Сознавал ли сам Антон Павлович в глубине души свое положение? Ольга Леонардовна в предисловии к изданным его письмам пишет: «Точно судьба решила его побаловать и дала ему в последний год жизни все те радости, которыми он дорожил: и Москву, и зиму, и постановку «Вишневого сада», и людей, которых он любил» 29. Все это и сам Чехов неоднократно говорил: как он любит Москву и все московское, как скучает по северной зиме, как близок стал ему Художественный театр и как тянет его к московским людям и обстановке.

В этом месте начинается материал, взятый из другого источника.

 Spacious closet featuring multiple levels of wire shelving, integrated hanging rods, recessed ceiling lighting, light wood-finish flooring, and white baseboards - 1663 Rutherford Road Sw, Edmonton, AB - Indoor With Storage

И однако, по-видимому, и в Москве бывали у него знакомые мне по Ялте настроения. Так, старый друг чеховской семьи, прекрасно всех их знавшая Т. Л. Щепкина- Куперник в своих воспоминаниях описывает свое посещение, относящееся к осени 1902 года: «Я изумилась происшедшей в нем переменой... Он горбился, зябко кутался в какой-то плед и то и дело подносил к губам баночку для оплевывания мокроты... В этот вечер Ольга Леонардовна участвовала в каком-то концерте. За ней приехал корректный Вл. Ив. Немирович, во фраке с безупречным пластроном. Ольга Леонардовна вышла в нарядном туалете, повеяло тонкими духами. Ласково и нежно простилась с Антоном Павловичем, сказала ему какую-то шутливую фразу, чтобы он «не скучал и был умником», и исчезла. Антон Павлович поглядел ей вслед, сильно закашлялся и долго кашлял, и когда прошел приступ кашля, сказал без всякой видимой связи с нашим разговором, весело вертевшимся около воспоминаний прошлого, общих знакомых и проч.

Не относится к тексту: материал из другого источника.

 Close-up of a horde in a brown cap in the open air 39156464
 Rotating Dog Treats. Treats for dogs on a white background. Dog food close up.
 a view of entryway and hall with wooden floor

— Да, кума, помирать пора...»
17 января премьера «Вишневого сада» и чествование Чехова Москвой, а он с трудом стоит на сцене, мертвенно- бледный и кашляет. В середине февраля он вернулся в Ялту в значительно худшем состоянии, но полный еще московских впечатлений. Оживленно рассказывал про чествование, показывал поднесенные ему подарки и комически жаловался, что кто-то, должно быть, нарочно, чтобы ему досадить, распустил слух о том, что он любитель древностей, а он их терпеть не может. Среди подношений действительно были модель древнего русского городка, старинный ларчик и, между прочим, чернильница XVIII века. На мое замечание, что все это очень красиво и что мне особенно нравится чернильница, он ответил: «Да что вы, ведь теперь песочком не посыпают, есть пропускная бумага, и гусиных перьев же нет». Потом со своей милой улыбкой прибавил: «Ну вот, если вам очень нравится, я распоряжусь, чтобы в наказание вам эту чернильницу после моей смерти и вручили». Как он ни был плох, я тогда все-таки не мог думать, что чернильница уже меньше чем через полгода действительно перейдет ко мне. Он пробыл в Ялте до конца апреля, временами оживлялся, строил планы на будущее, мечтал засесть за работу, говоря, что в голове много уже созрело. Собирался, если поправится, с наступлением тепла поехать на войну, из-за которой очень волновался, врачом, так как врач может больше видеть 30 Но чаще бывал молчалив, сосредоточенно задумчив, и он, никогда раньше не жаловавшийся на здоровье, говорил, что устал, что хочется по-настоящему отдохнуть, набраться сил. Он чувствовал необходимость в покое, но в самом конце апреля он уехал в Москву. В дороге простудился, получил резкое обострение, плеврит с необыкновенно для него высокой температурой и немедленно по приезде слег, и встал только, чтобы поехать в Баденвей- лер.